In präparierte Fensternischen oder aufgehängte Kästen sollte eine etwa 5 cm dicke Schicht aus Mutterboden eingefüllt sein, die durch Mischung mit entweder Tannennadeln, Holzshredder oder ähnlichem Material aufnahmefähig bzw. durchlässig gemacht wurde. Diese Schicht nimmt den Kot der Jungen auf und hält den Nistbereich trocken. Eine zu leichte und dünne Mischung wird auseinandergescharrt, so dass den Eiern die Mulde fehlt und es dem Altvogel nicht so leicht fällt, die auseinanderrollenden Eier zu bedecken. Außerdem entsteht bei blankem Untergrund eine höhere Punktbelastung auf dem Ei. Hierdurch ist das Ei gefährdet, eingedrückt zu werden und auszutrocknen.

Im Laufe der Fütterzeit liegt später eine Schicht von Gewöllen auf dem Boden, die aber für sich genommen zu leicht ist, um im nächsten Jahr als Grundschicht zu genügen. Ersatzweise werden verlassene Elster- oder Krähennester genutzt. Der Bruterfolg in Gebäudenischen ist jedoch deutlich höher, weil der Schutz in Bäumen geringer ist und die Jungen vor dem Flüggewerden auch leicht abstürzen können.

 

Brutplatz und Jagdrevier:

Durch den Vorteil des Gebäudes für den Bruterfolg sind Falken auch im Zentrum von Städten zu finden, obwohl als Jagdrevier nur ein ländlicher Bereich in Frage kommt; denn bevorzugte Beute sind Feldmäuse.
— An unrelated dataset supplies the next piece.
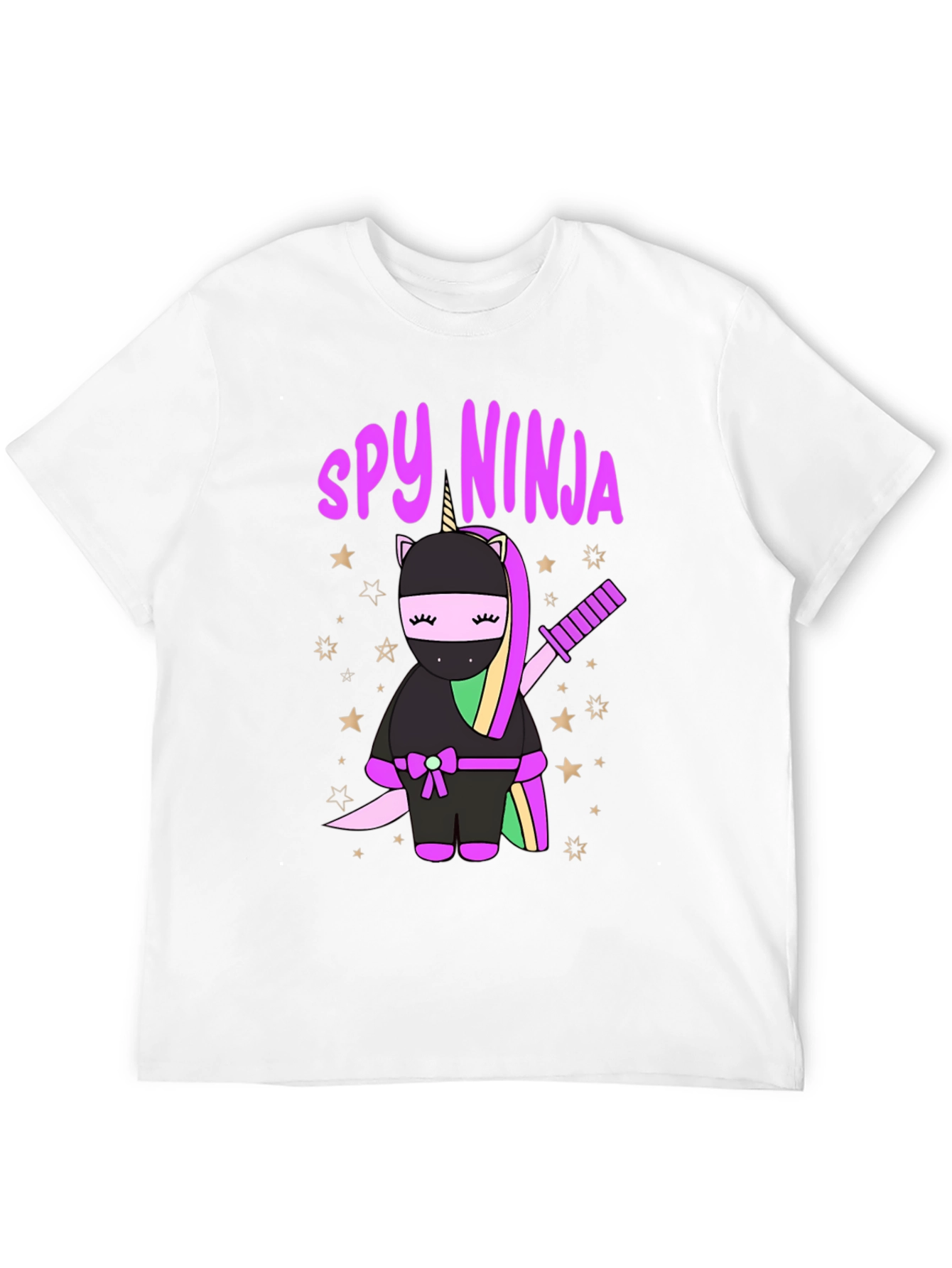 Black Spy Ninja Unicorn Graphic T-Shirt view 12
Das bedeutet, dass Falken regelmäßig weite Strecken fliegen müssen, um Beute zum Horst zu bringen. Als schneller geschickter Flieger ist dies kein generelles Hindernis, trotzdem bedeutet es einen zusätzlichen Energie- und Zeitbedarf.

Das hohe Gebäude "Wasserturm" inmitten des Jagdreviers "Eichenpark" und seinen angrenzenden Feldern und Wiesen ist anscheinend eine optimale Kombination von Brut- und Jagdmöglichkeit. So erklärt sich der große Andrang: In diesem Jahr brüten im Turm 4 Falkenpaare gleichzeitig, eine sicher untypische Anhäufung. Dies ist auch eine Aussage über die Qualität des Biotops.